## Assignment
Only the lines from the one containing "this 1456×819 image." through the final line below belong in the output, copied exactly and without pictures.

Free-text object descriptions:
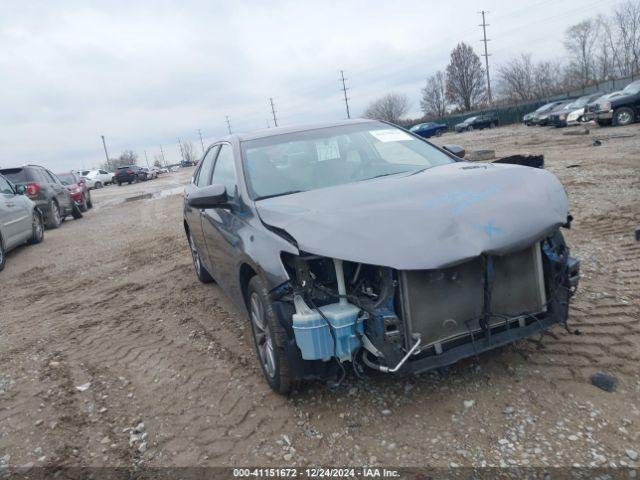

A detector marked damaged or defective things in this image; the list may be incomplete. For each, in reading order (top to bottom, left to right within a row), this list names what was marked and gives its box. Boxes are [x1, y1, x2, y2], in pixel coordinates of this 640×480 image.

damaged gray sedan [181, 119, 580, 394]
crumpled hood [255, 162, 568, 270]
front left headlight area damage [268, 231, 576, 384]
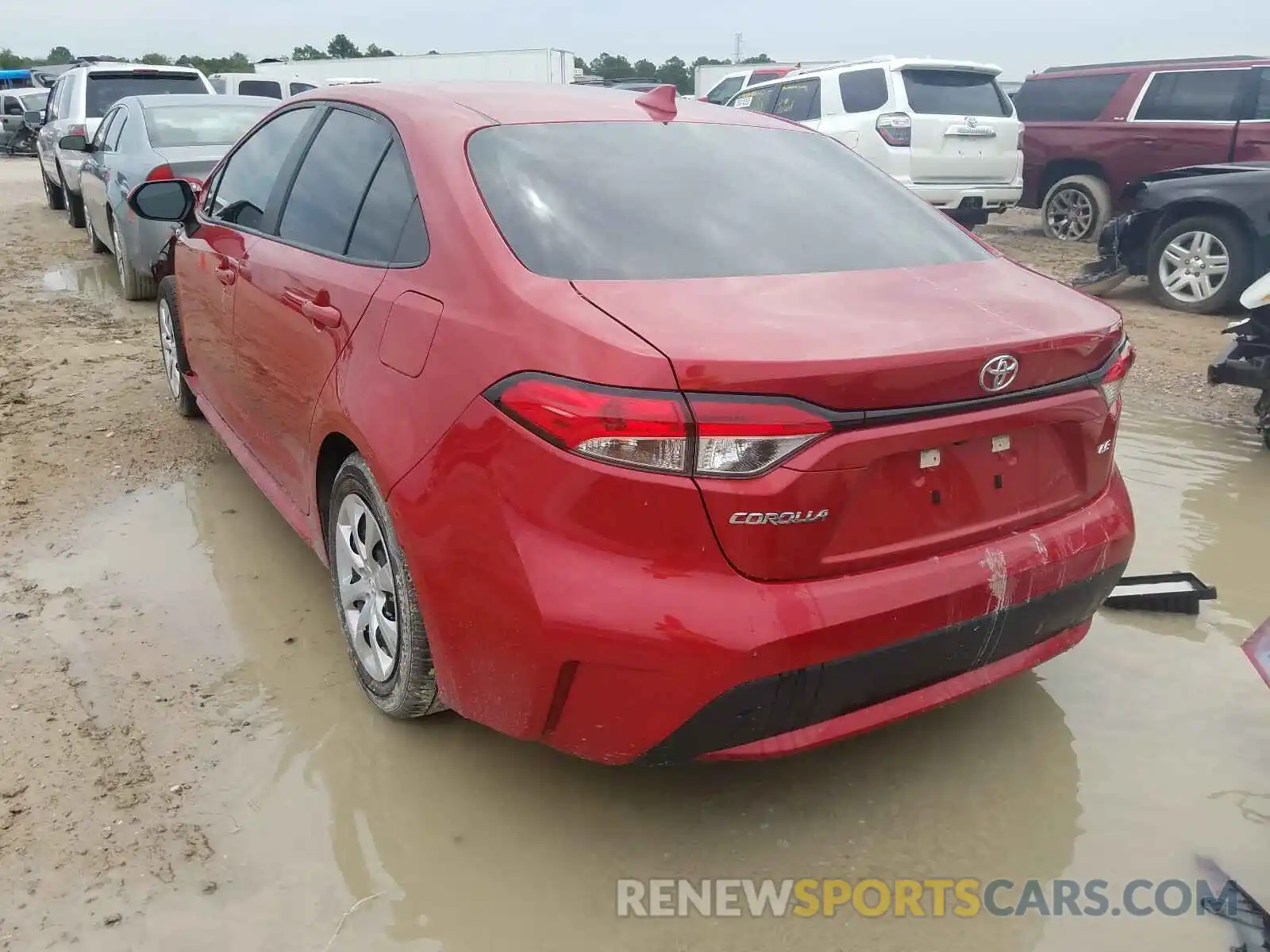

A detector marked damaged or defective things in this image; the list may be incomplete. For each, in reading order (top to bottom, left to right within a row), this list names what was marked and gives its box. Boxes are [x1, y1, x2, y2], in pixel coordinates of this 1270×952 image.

damaged vehicle [1080, 162, 1270, 314]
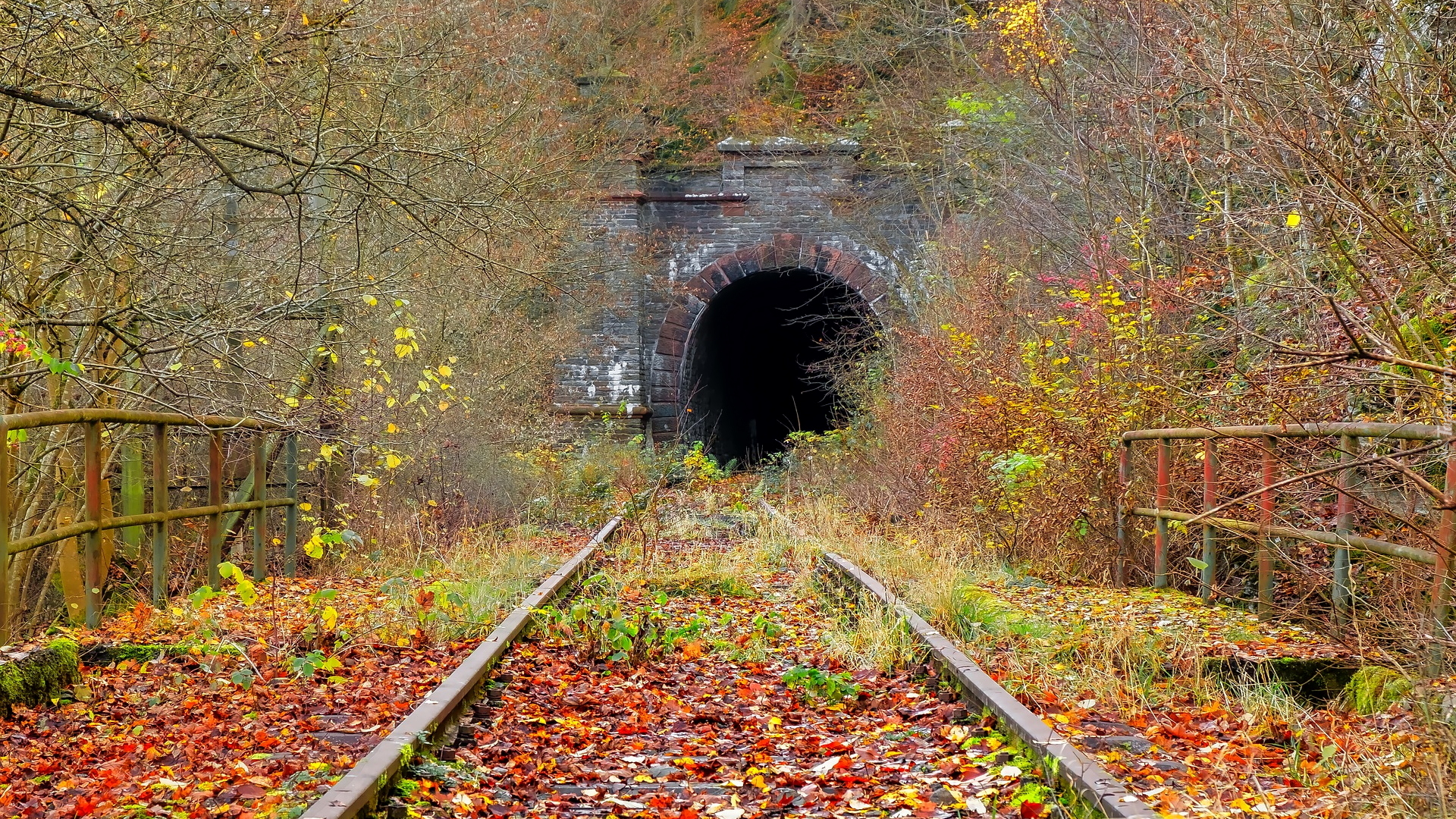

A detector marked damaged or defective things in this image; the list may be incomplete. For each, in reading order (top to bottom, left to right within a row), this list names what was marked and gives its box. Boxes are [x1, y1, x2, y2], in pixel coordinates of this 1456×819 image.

rusty rail [0, 405, 301, 641]
rusty rail [1118, 419, 1450, 670]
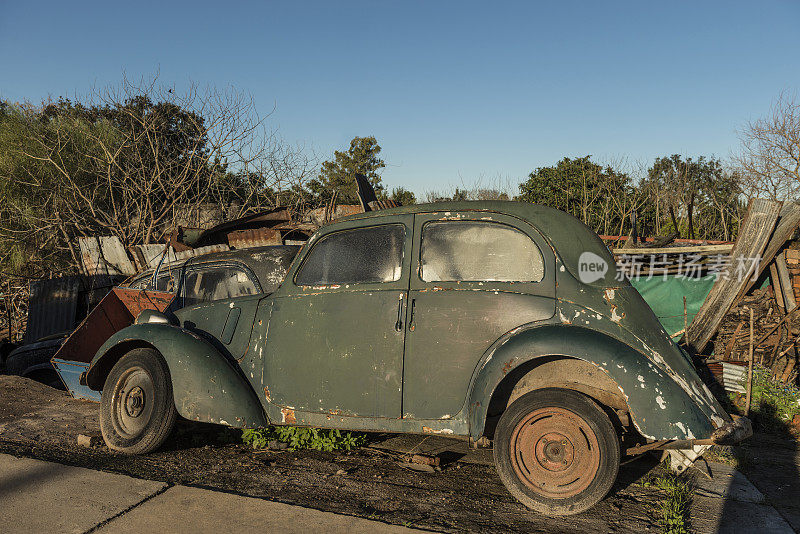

## Reply
A detector marked damaged or defective things in this image; the list may be incomplete. For each, in reading order (top to bottom, left to right within a row), this list names what was marked and gives its box. Boxes are [x1, y1, x2, y2], in pixel coordinates of this 1456×819 image.

rusty rail [0, 405, 301, 641]
rusty rail [1118, 419, 1450, 670]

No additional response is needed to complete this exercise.